Google is infamous for jerking people around in the interview process. I had a very similar experience, as did several people I know.
They do it because they know they can get away with it, but I do wonder if they have a backup plan if the lustre of working for Google ever fades, because it's an open secret that their interview process is a fucking nightmare for no reason.
Absolutely! To add, the amount of nit-picking that happens is staggering. I was downgraded from strong-hire to lean-hire because:
1. I did not use classes in Python. That problem could easily be solved using simple functions. The feedback I got was "candidate does not know idiomatic use of modules & classes"
2. I did not use one of python's standard lib functions and instead I coded it myself (I could not remember it at that instant)
3. I could not spot a scenario in the first 5-7 min of interview. I eventually spotted it and coded it well within the time limit.
Somehow I felt that I am supposed to feel grateful for lean-hire
> 1. I did not use classes in Python. That problem could easily be solved using simple functions. The feedback I got was "candidate does not know idiomatic use of modules & classes"
Apparently they missed this classic HN discussion:
> I could not spot a scenario in the first 5-7 min of interview.
This is endemic and part of a much wider malignancy in the tech interviews. Cram two medium-to-high difficulty questions in the span of 45 minutes and require the candidates to solve them both on the spot. In other words, you have at most 20 minutes to work out a complete solution to any given problem.
In practice that means that you need to come up with the correct base solution in the first 2-3 minutes, because there is no time to actually work through the problem.
I call these types of interviews Epiphany Lottery.
When people say "grind leetcode" they don't mean it as a tool to get better at these kinds of problem solving.

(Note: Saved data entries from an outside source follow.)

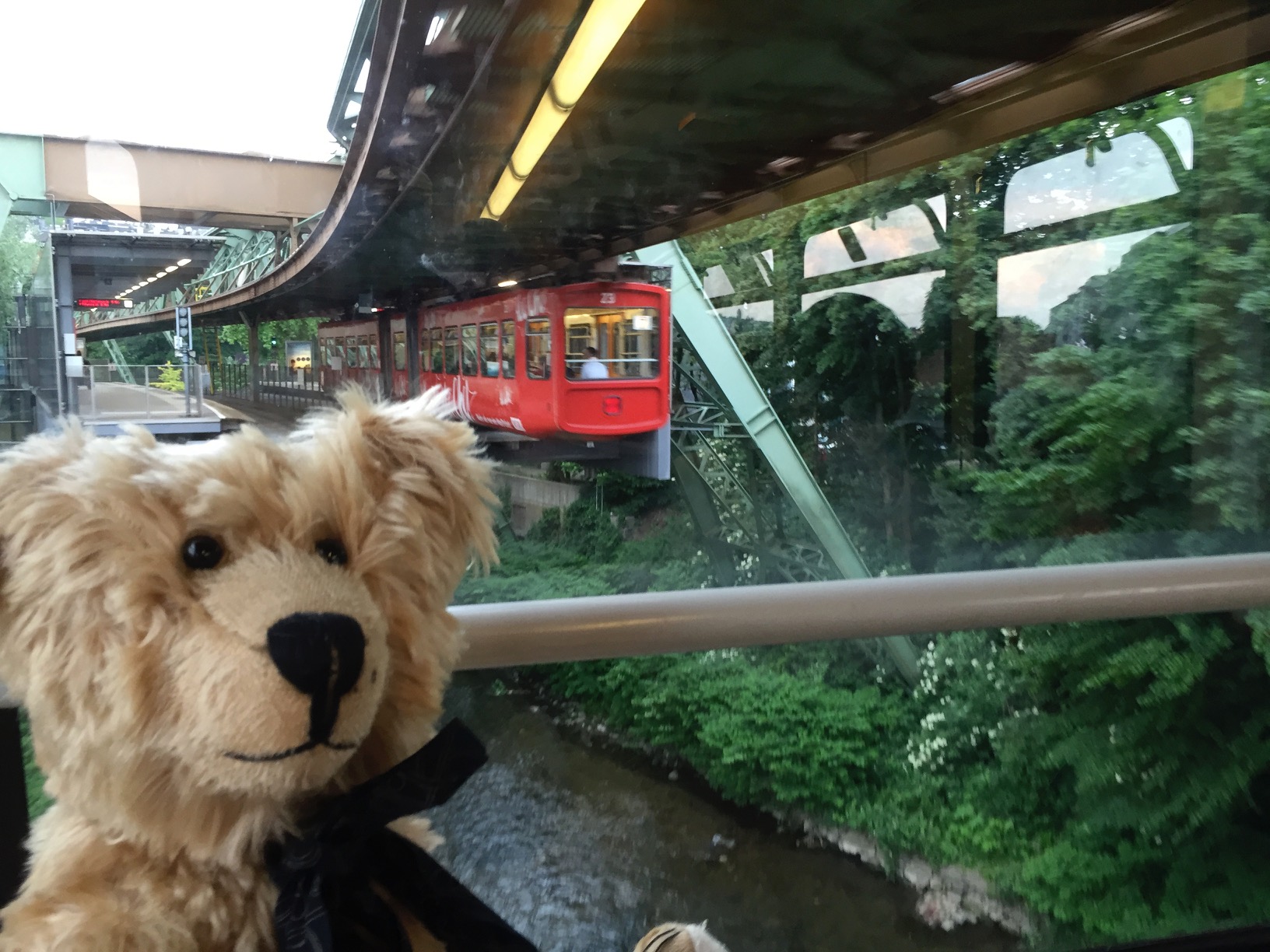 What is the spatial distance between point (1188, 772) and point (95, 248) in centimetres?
211

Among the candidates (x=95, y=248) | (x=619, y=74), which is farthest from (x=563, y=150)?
(x=95, y=248)

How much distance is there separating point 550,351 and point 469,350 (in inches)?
16.4

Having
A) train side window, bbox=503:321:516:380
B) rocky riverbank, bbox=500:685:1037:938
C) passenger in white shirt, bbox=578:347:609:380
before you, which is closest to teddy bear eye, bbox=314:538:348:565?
rocky riverbank, bbox=500:685:1037:938

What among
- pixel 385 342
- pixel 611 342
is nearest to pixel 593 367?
pixel 611 342

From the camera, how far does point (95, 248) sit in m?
1.23

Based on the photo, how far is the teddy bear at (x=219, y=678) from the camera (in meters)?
0.51

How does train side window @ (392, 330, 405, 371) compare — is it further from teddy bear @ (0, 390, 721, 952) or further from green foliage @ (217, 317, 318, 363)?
teddy bear @ (0, 390, 721, 952)

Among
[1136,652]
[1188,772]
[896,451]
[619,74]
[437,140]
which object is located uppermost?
[619,74]

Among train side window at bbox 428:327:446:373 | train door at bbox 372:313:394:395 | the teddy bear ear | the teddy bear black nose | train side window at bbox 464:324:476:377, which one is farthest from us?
train side window at bbox 464:324:476:377

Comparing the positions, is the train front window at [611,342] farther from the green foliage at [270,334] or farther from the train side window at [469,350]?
the green foliage at [270,334]

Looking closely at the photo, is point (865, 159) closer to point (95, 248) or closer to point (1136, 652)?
point (1136, 652)

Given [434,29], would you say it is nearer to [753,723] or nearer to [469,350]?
[469,350]

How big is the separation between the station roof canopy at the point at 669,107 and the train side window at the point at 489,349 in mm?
99

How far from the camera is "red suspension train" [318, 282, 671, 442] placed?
1577 mm
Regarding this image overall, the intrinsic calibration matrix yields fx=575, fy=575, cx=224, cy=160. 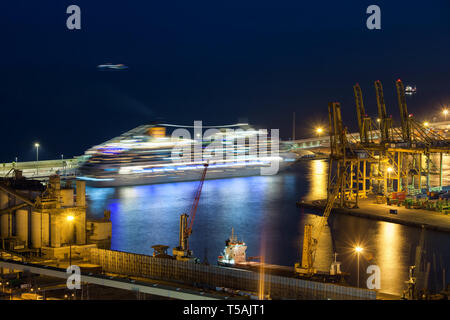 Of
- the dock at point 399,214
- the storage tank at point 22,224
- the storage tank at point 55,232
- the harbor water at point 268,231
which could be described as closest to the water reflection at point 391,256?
the harbor water at point 268,231

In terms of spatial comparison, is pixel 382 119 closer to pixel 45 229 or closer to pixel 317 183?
pixel 317 183

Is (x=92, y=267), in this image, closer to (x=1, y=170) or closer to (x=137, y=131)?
(x=1, y=170)

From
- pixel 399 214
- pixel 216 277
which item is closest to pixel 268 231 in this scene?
pixel 399 214

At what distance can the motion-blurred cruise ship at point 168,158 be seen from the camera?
29.6 metres

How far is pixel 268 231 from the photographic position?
15914 mm

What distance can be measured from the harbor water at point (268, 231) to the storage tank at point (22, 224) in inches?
130

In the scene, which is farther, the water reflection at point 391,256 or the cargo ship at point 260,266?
the water reflection at point 391,256

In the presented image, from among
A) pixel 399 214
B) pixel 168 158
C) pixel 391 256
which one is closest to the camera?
pixel 391 256

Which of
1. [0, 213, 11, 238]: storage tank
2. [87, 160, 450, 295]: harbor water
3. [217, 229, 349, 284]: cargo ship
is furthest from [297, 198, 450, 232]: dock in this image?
[0, 213, 11, 238]: storage tank

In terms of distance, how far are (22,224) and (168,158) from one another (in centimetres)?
2283

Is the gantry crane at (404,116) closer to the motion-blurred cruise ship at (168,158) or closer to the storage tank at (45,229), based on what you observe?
the motion-blurred cruise ship at (168,158)

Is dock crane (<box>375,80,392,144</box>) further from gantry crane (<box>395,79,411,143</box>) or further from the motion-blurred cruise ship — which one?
the motion-blurred cruise ship

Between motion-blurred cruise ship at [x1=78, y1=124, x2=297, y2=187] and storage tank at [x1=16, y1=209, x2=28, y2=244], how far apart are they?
17.4m

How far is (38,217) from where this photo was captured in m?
10.2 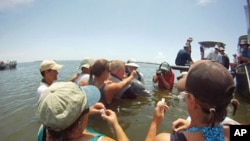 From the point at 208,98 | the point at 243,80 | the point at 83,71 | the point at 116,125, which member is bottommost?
the point at 243,80

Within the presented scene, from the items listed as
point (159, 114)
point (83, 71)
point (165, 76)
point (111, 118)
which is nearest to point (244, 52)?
point (165, 76)

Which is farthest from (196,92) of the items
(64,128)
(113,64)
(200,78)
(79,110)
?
(113,64)

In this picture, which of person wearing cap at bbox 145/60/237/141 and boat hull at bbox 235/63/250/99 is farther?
boat hull at bbox 235/63/250/99

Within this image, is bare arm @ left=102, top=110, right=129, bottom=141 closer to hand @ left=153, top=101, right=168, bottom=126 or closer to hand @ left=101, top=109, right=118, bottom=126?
hand @ left=101, top=109, right=118, bottom=126

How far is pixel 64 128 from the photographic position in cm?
185

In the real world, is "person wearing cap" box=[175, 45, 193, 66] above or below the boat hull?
above

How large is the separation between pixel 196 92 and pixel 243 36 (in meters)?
17.0

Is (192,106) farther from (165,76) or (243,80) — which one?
(243,80)

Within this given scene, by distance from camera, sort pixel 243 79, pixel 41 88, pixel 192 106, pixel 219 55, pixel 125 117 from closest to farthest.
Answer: pixel 192 106
pixel 41 88
pixel 125 117
pixel 243 79
pixel 219 55

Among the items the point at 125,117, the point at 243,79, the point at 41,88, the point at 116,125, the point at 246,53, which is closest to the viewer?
the point at 116,125

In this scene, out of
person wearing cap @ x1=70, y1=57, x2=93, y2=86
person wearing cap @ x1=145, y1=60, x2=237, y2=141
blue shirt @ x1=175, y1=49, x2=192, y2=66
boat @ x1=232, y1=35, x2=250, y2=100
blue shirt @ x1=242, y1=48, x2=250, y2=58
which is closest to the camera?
person wearing cap @ x1=145, y1=60, x2=237, y2=141

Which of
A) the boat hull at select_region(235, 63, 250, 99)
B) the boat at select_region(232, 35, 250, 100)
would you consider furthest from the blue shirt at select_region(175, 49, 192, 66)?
the boat hull at select_region(235, 63, 250, 99)

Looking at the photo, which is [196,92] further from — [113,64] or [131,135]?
[113,64]

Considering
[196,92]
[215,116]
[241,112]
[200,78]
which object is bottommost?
[241,112] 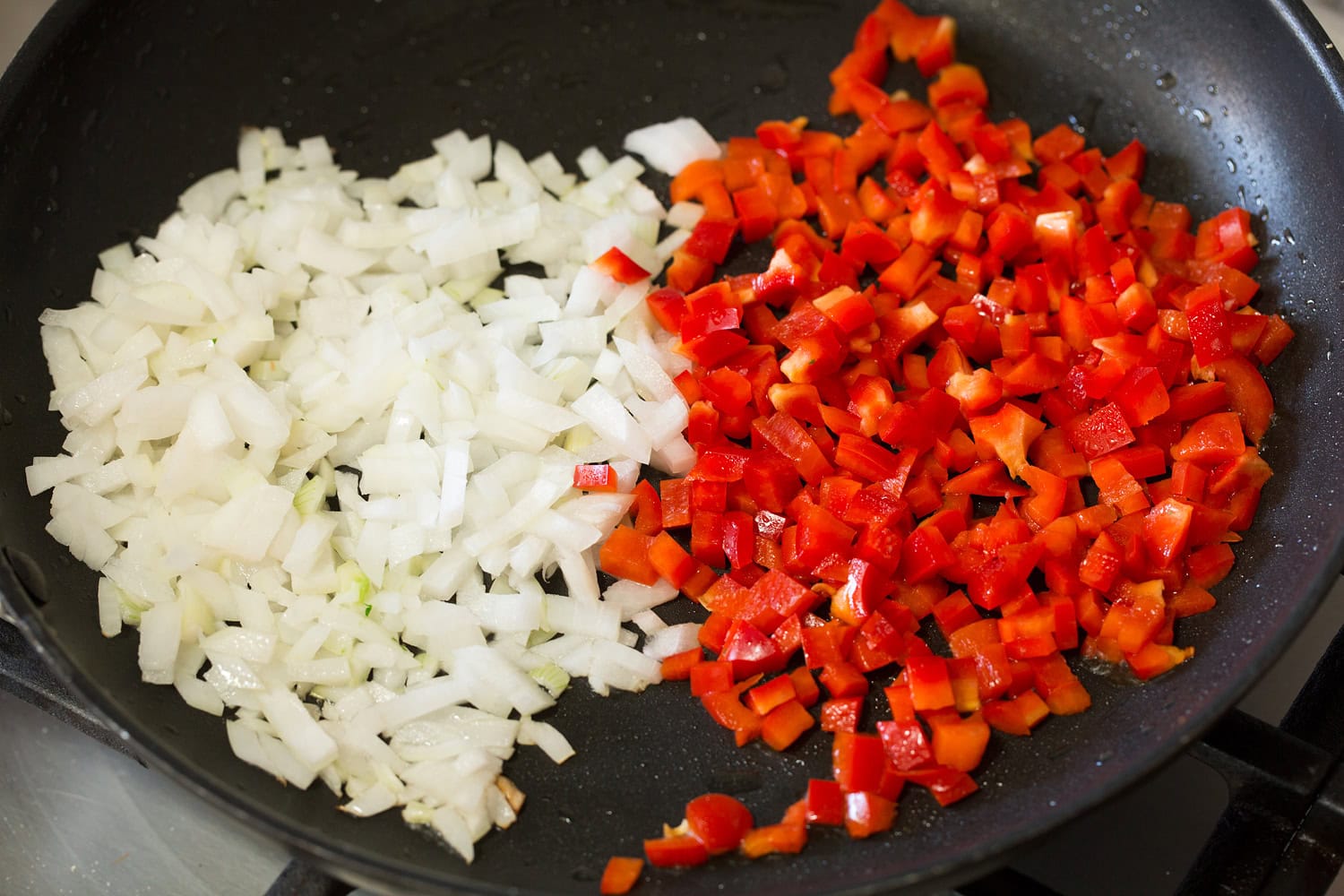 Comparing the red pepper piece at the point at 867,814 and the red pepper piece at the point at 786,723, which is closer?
the red pepper piece at the point at 867,814

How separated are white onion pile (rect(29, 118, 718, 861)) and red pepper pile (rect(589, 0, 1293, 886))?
0.12 m

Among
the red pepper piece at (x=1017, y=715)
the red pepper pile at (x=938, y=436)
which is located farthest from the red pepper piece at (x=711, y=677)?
the red pepper piece at (x=1017, y=715)

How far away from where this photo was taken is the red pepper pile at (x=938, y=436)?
1614 millimetres

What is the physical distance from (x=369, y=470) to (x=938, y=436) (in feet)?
3.08

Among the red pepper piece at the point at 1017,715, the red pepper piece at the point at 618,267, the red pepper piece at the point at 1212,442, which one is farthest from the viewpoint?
the red pepper piece at the point at 618,267

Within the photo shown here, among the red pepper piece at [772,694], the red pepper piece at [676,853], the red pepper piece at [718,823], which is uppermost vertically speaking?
the red pepper piece at [772,694]

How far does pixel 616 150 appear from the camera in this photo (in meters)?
2.24

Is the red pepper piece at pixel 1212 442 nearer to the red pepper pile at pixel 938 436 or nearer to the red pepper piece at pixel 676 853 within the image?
A: the red pepper pile at pixel 938 436

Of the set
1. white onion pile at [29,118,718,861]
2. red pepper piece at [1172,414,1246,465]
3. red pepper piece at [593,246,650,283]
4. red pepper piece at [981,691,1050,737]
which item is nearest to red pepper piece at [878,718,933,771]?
red pepper piece at [981,691,1050,737]

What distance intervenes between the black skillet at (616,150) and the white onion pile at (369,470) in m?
0.06

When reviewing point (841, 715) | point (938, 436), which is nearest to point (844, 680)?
point (841, 715)

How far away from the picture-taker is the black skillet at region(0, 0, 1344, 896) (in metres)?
1.48

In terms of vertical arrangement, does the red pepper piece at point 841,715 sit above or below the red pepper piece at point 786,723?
above

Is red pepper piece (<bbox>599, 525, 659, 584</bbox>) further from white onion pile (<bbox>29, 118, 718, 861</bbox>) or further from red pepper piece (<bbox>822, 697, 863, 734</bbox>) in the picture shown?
red pepper piece (<bbox>822, 697, 863, 734</bbox>) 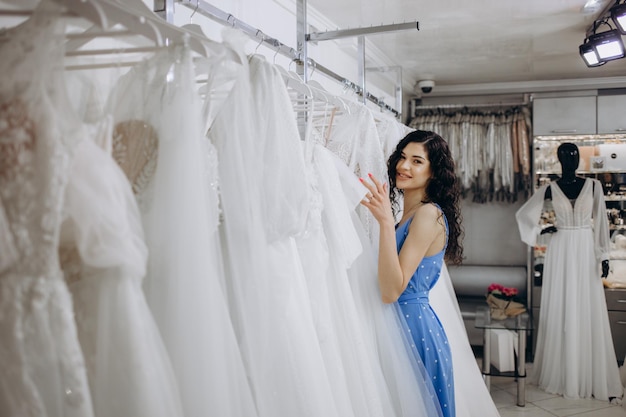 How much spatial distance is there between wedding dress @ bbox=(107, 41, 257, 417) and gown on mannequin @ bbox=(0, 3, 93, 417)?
20 centimetres

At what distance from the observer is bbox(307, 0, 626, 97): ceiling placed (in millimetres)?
3707

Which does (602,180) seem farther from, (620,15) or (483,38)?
(620,15)

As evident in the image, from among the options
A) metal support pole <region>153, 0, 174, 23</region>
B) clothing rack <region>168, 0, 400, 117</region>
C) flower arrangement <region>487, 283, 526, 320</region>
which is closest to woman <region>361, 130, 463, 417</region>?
clothing rack <region>168, 0, 400, 117</region>

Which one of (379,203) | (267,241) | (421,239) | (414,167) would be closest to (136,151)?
(267,241)

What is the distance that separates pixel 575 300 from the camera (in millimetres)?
4668

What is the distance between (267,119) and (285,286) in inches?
16.6

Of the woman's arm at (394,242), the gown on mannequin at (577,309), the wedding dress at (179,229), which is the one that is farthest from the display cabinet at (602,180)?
the wedding dress at (179,229)

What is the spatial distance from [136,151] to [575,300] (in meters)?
4.38

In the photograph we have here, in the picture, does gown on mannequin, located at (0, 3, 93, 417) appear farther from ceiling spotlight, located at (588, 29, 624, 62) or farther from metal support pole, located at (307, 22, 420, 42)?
ceiling spotlight, located at (588, 29, 624, 62)

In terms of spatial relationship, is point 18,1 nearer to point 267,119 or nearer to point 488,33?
point 267,119

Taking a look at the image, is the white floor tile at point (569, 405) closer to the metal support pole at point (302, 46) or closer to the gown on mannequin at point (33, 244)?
the metal support pole at point (302, 46)

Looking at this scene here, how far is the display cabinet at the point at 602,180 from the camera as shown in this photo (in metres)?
5.42

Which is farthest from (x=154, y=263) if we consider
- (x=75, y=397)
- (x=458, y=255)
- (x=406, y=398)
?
(x=458, y=255)

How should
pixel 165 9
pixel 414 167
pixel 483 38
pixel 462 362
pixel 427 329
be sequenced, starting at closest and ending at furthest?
pixel 165 9
pixel 427 329
pixel 414 167
pixel 462 362
pixel 483 38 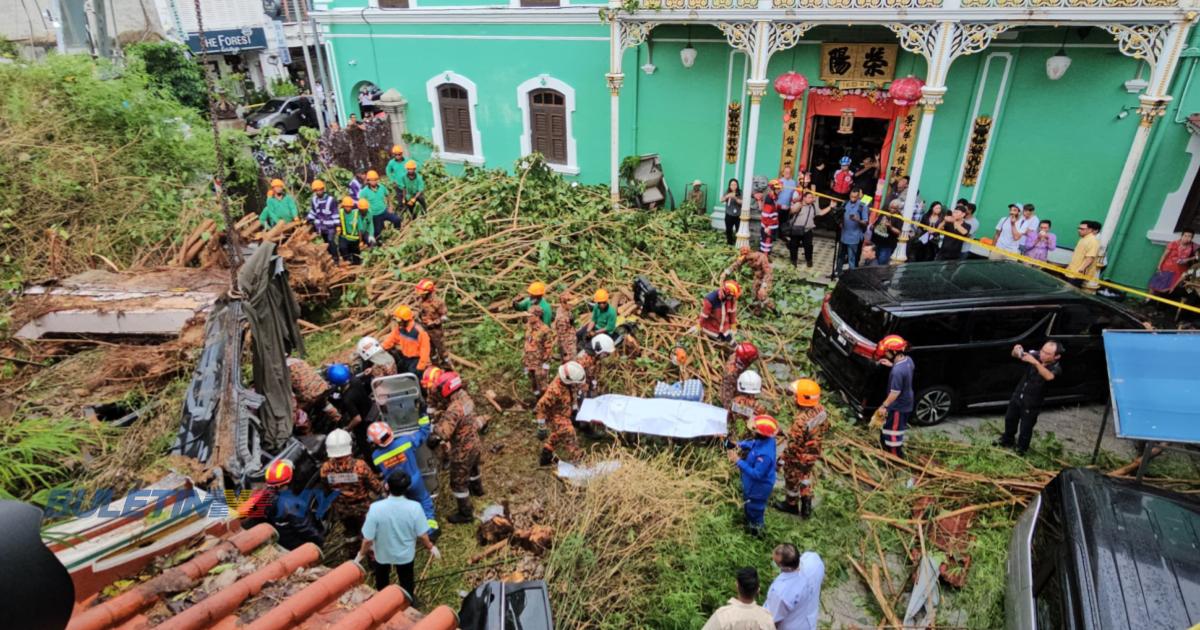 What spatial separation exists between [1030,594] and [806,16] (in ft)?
30.9

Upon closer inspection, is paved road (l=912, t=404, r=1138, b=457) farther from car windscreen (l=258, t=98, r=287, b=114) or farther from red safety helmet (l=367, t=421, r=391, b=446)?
car windscreen (l=258, t=98, r=287, b=114)

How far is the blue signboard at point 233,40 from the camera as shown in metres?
28.9

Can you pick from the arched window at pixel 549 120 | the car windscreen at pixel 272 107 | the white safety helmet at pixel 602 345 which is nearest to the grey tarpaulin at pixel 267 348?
the white safety helmet at pixel 602 345

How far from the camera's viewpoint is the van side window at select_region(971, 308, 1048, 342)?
7160 mm

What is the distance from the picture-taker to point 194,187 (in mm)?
11750

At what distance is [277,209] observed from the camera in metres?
11.1

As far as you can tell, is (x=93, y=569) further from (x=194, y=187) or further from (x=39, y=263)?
(x=194, y=187)

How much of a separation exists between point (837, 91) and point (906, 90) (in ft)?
5.17

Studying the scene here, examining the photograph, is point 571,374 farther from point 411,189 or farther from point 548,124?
point 548,124

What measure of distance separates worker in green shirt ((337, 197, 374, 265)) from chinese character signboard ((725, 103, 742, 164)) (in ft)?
24.5

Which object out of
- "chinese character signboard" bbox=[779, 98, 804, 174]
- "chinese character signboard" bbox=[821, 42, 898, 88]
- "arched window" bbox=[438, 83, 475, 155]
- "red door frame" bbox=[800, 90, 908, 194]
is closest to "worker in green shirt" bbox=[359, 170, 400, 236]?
"arched window" bbox=[438, 83, 475, 155]

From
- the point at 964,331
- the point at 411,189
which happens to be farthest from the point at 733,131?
the point at 964,331

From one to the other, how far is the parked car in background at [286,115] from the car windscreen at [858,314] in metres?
21.5

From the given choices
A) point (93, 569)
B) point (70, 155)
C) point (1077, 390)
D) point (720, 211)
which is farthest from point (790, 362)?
point (70, 155)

What they basically mean is that if you "grind leetcode" you have a better chance of being asked a question in these interviews that you have solved before and simply write down the solution during the interview.
If they're IQ tests, then why does doing a whole bunch of leetcode questions make me better at it? Isn't IQ supposed to be relatively stable throughout one's lifetime?
I've done hundreds and I have gotten better, but only to a point. At some level it's not pattern recognition anymore, just inspiration. And I'm not smart enough for that.
This one, for instance is expected to be completed in 30 minutes. I spent 2 hours on it yesterday and failed most test cases. I'm a failure.
Do thousands then and get back to me. It's all patterns, this "inspiration", is just patterns, your just not seeing it yet.
Its true on some degree, that you need some intelligence, but I have a few close friends who are FAANG, they are definitely not the best developers I've ever worked with, only difference is they really really cared about getting into FAANG. Getting into FAANG was basically their life ambitions, so they dedicated literally all there spare time to it.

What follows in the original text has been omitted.